Our recognition of deferred revenue and advance payments is subject to future performance obligations and may not be representative of revenues for succeeding periods

Our current and non-current deferred revenue and advance payments totaled $183.0 million as of December 31, 2018.  The timing and ultimate recognition of our deferred revenue and advance payments depend on various factors, including our performance of various service obligations.

Because of the possibility of customer changes or delays in customer development or implementation schedules or budgets, and the need for us to satisfactorily perform product support and other services, deferred revenue and advance payments at any particular date may not be representative of actual revenue for any succeeding period.
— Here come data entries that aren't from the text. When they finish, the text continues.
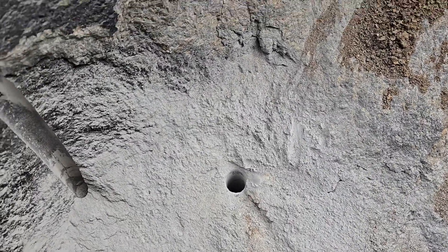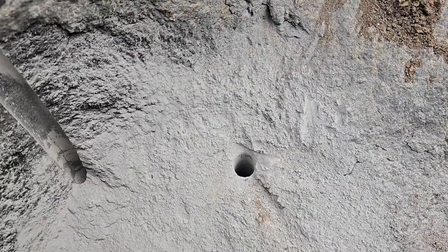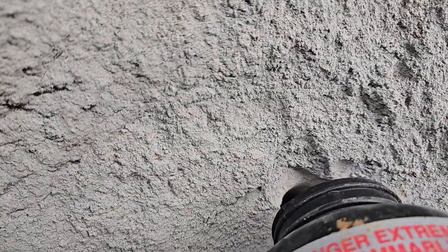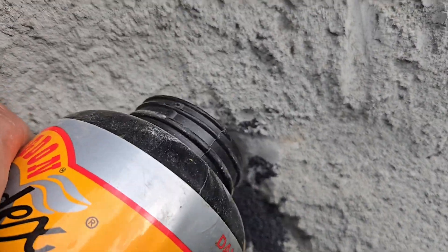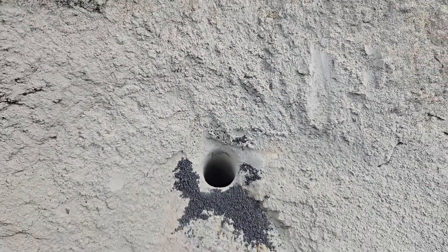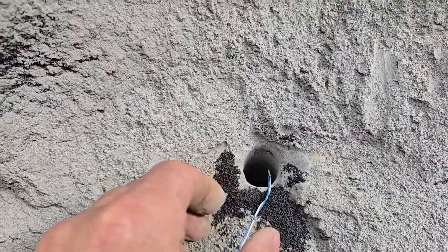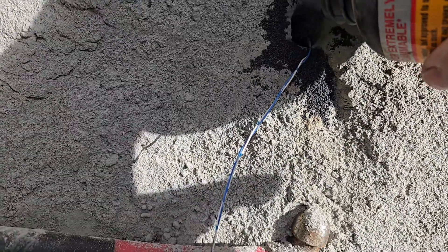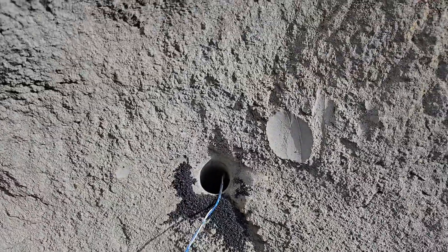Now we're going to try to pour a little bit of gunpowder in there. Try to pour the powder down in there — it's hard to see it, it's hard to do it. Okay, there's a little bit of powder. Now take our little fuse, put it down in there. Then pour some more gunpowder on top of that. That should be good. Then we're going to take clay and tamp it down on there.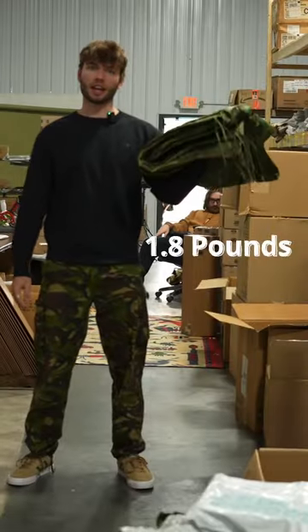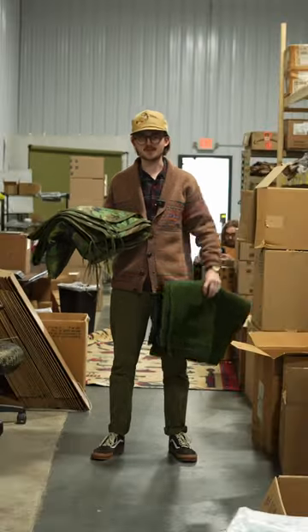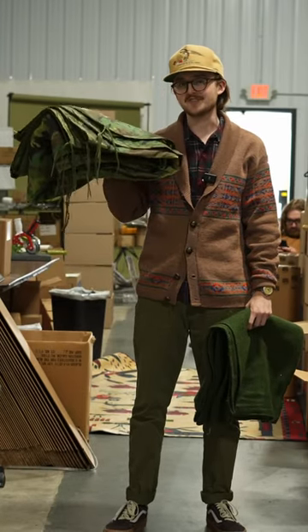Weighing in at only 1.8 pounds, the Wubbie is very easy to pack. The Wubbie was first introduced in the 1960s to replace the USGI wool blanket. Wool did not perform well in Vietnam, so they decided to switch to nylon.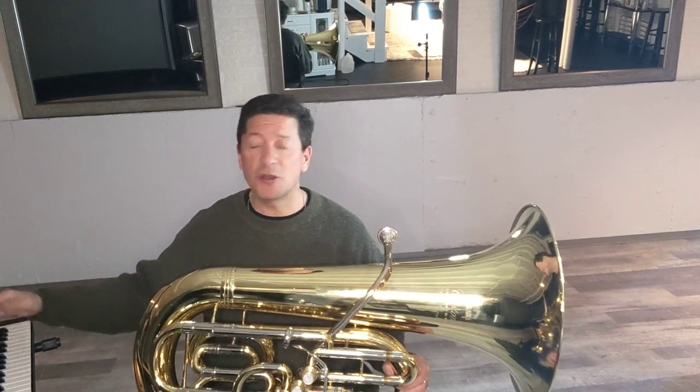Hi everybody, Dr. Thomas Boo with my trusty Yamaha tuba. We've got another way to help you learn to play in tune, this time using scale fragments. Let me show you what I mean.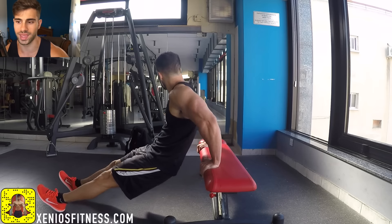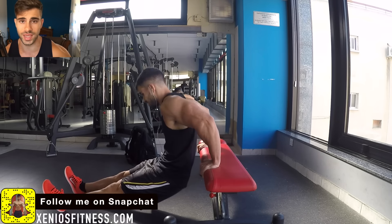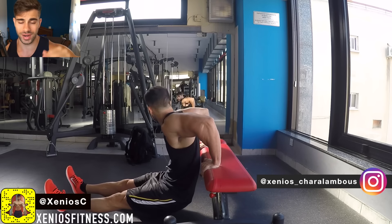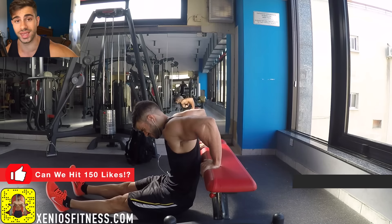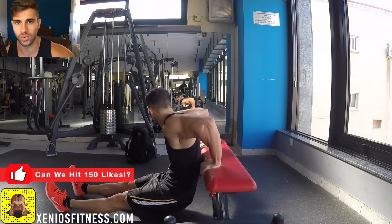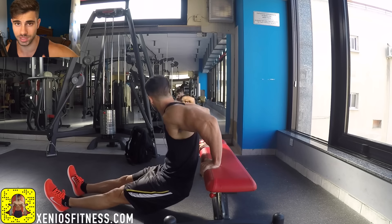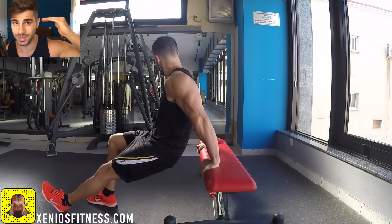Follow me on my social media — on Instagram, on Snapchat. Make sure you like this video, let's smash 150 likes. I'm going to see you again on Thursday, as I do twice-a-week videos. If you are a new viewer, please make sure to subscribe to my channel. I'll see you in my next video — have an amazing day.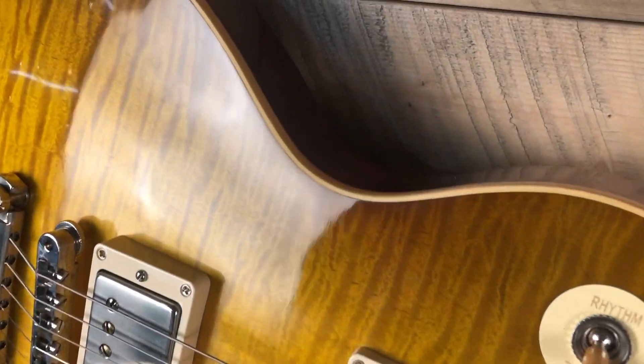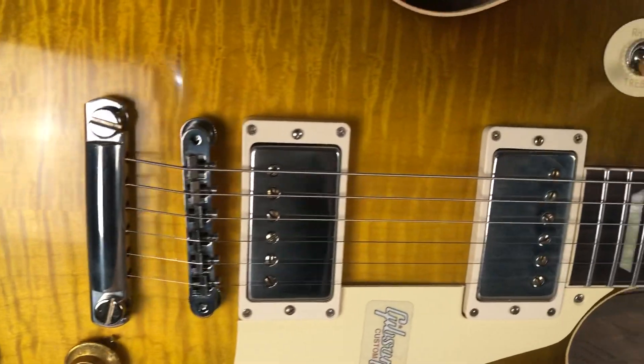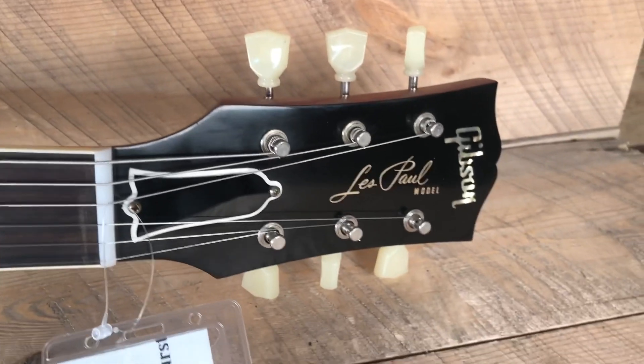Just get a few angles of this Poppy Burst — gorgeous top. All the details in the listing at SeattleGuitarStore.com; could be your guitar.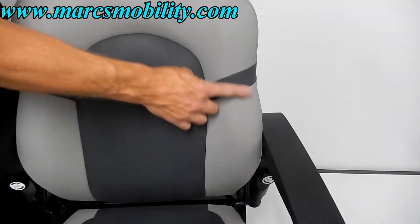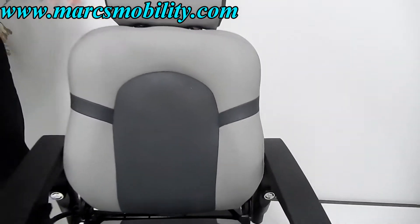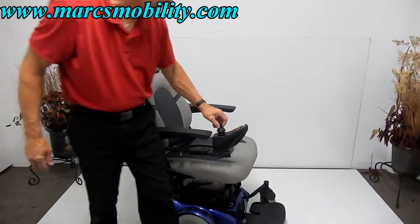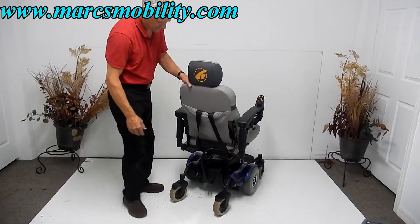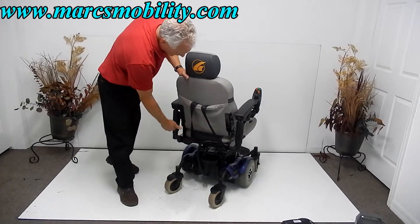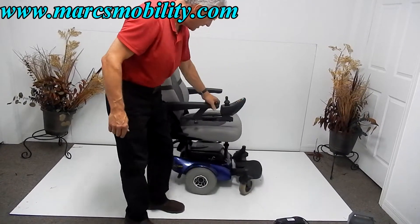The only thing I've noticed about this chair is there are a few cat scratches, which will not bother the chair and will not get any worse. Sometimes these chairs sit in people's homes for a while before they're sold and cats do their damage. I'm not going to fix that because it's hardly visible. It does have a safety belt stored in the pouch in the back.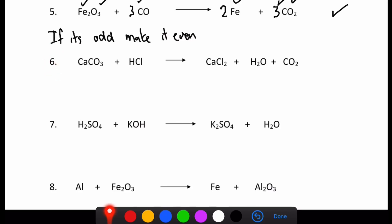Next we've got number six — have a crack at that and then I'll go through it. One calcium on the reactant side, one calcium on the product side. One carbon on the reactant side, one carbon on the product side. Three oxygens on the reactant side and one plus two on the product side — that balances. I've got one hydrogen on the reactant side and two on the product side, so I add a two in front, giving two hydrogens on each side. Two chlorines on the reactant side and two on the product side. That one was pretty straightforward.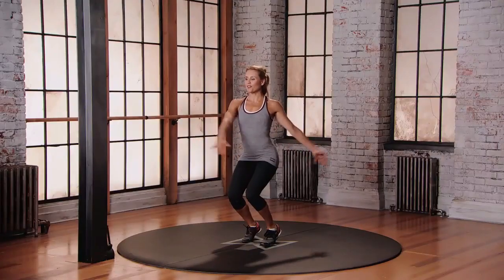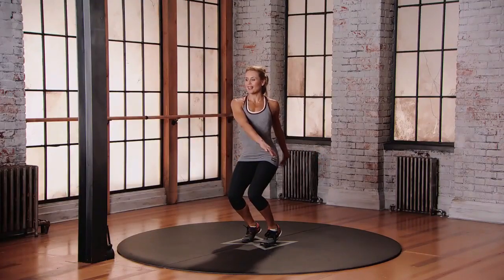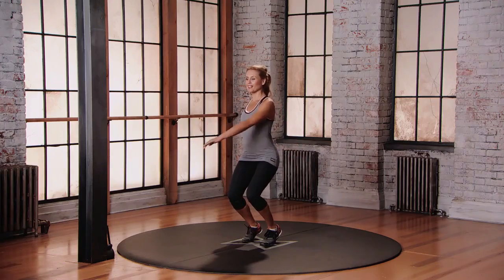Keep your eyes forward. Keep the core engaged. Back of the neck long, spine long.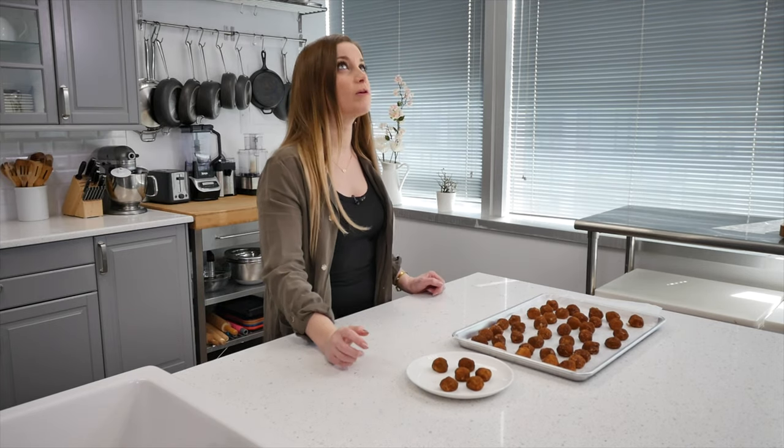Alright, they are all finished. Oh my God, these are amazing. If you don't feel like making these, please do yourself a favor and at least buy them in the store — I promise you, these are so good. They just melt in your mouth. I really hope you guys enjoyed this recipe. Don't forget to subscribe and I will see you in the next video. Bye!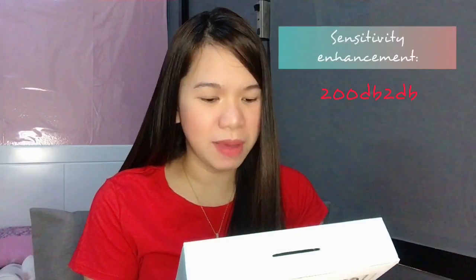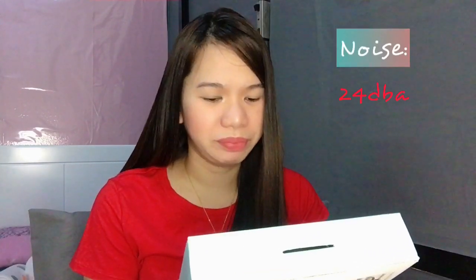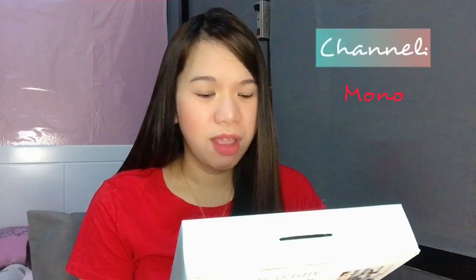Sensitivity enhancement: 200dB. Sensitivity: -45dB ±3dB. And noise level is 24dB. Maximum sound pressure level: 130dB. Output: 200dB. And channel: mono.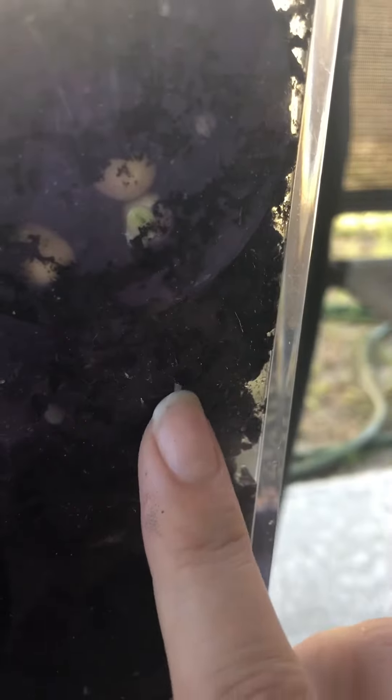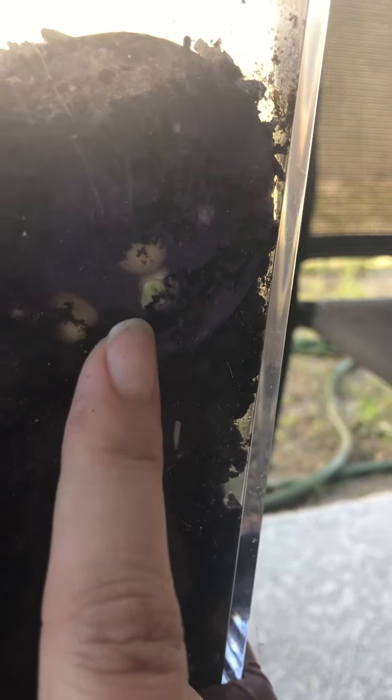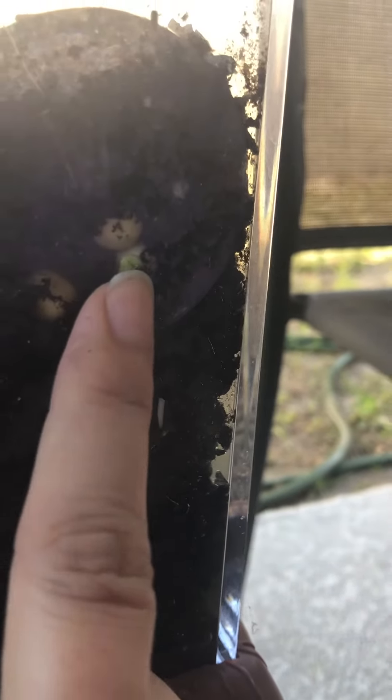And here we have our little peas — you can see a root right here. And we can see a little bit of germinating, and that's what we call it when it starts to come out of its seed: a germinating plant right here. So lots of changes!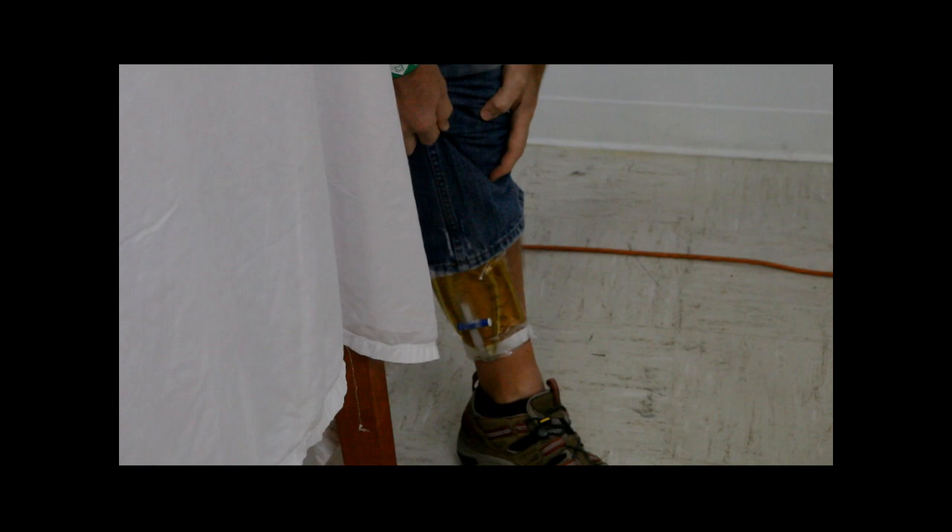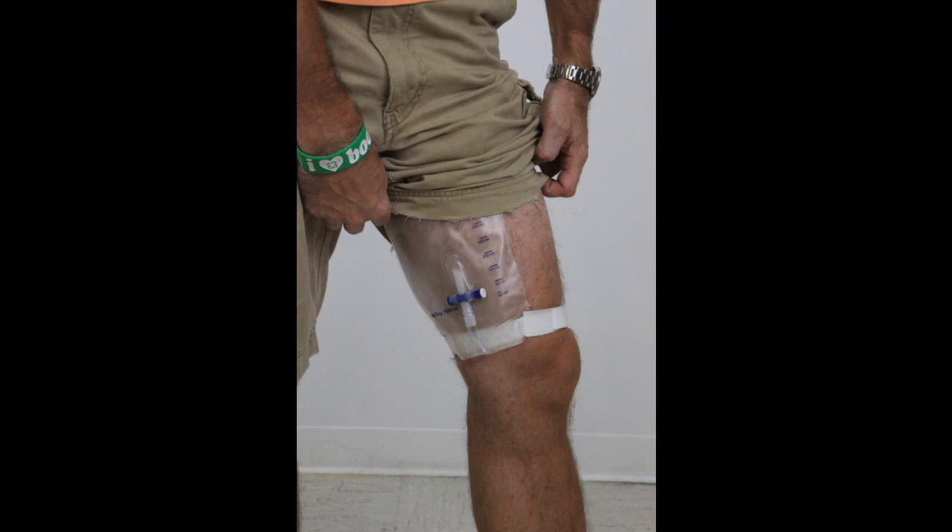It can even be worn with shorts. You can find the Stadium Pal and Stadium Gal, along with other tailgating supplies, at Biorelief.com.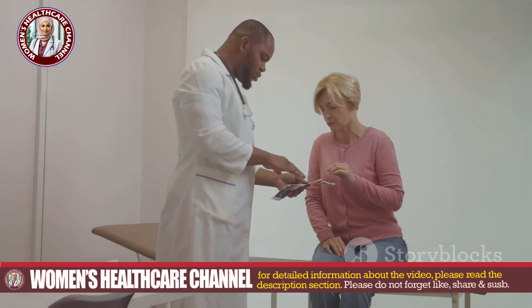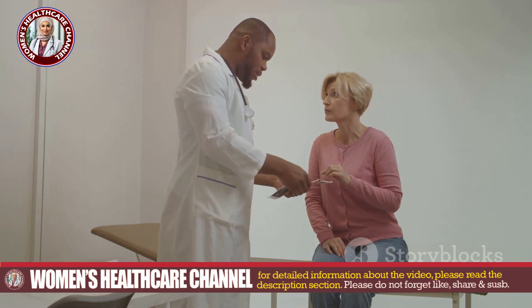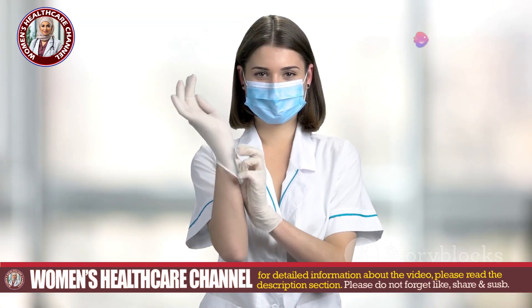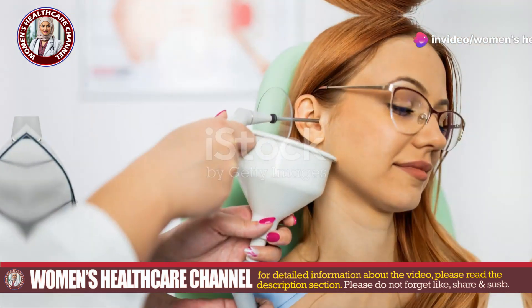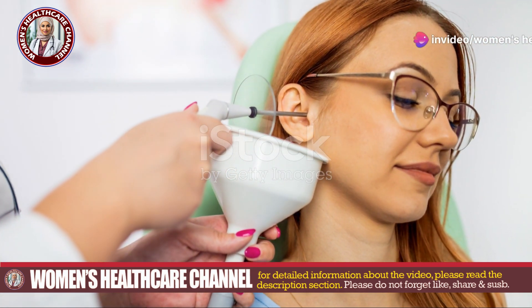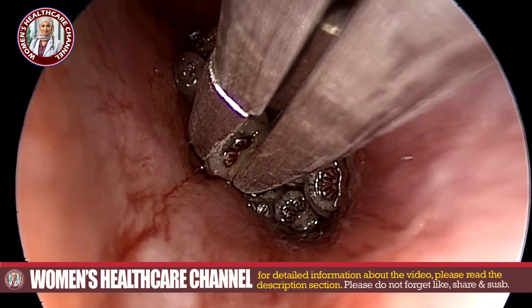Preparation is key. Ensure a well-lit, sterile environment and explain the procedure to the patient to reduce anxiety. Wash your hands thoroughly and wear sterile gloves. Use an otoscope to assess the extent of the infestation and identify the number and location of the maggots within the ear canal.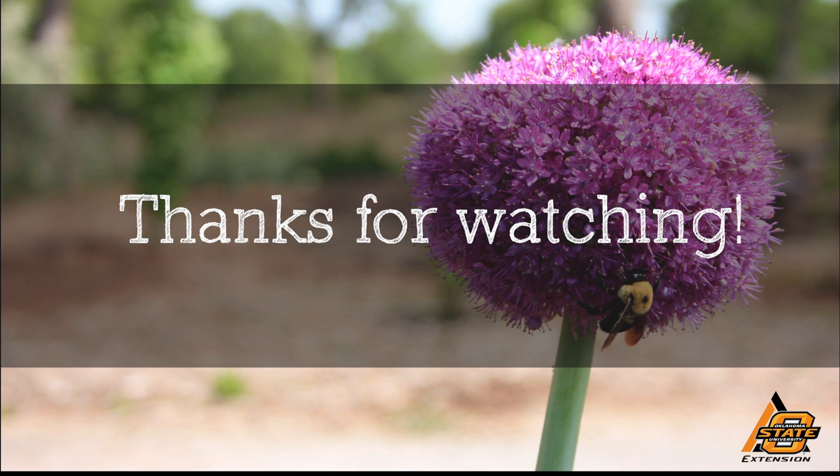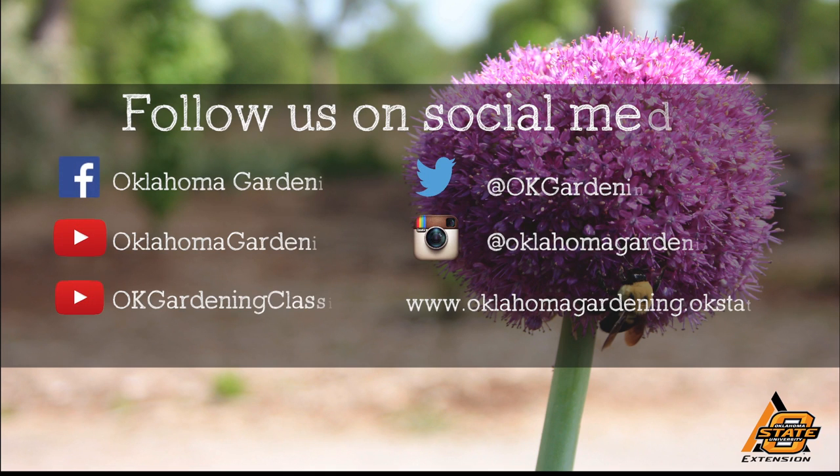We hope you enjoyed this video. It's part of our Oklahoma Gardening YouTube channel. You can also find even more videos on our OK Gardening Classics YouTube channel, and join us on social media for great gardening tips, photos, and discussion.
Our international operations are complex and expose us to risks that could have a material adverse effect on our business, operating results, and financial condition

We receive a significant portion of our total revenues from international sales and conduct our business activities in various foreign countries, including some emerging markets where we have limited experience, where the challenges of conducting our business can be significantly different from those we have faced in more developed markets, and where business practices may create internal control risks.  International revenues accounted for 42.3%, 41.8%, and 39.2% of our total revenues for the years ended December 31, 2018, 2017, and 2016, respectively. Our international operations require significant management attention and financial resources.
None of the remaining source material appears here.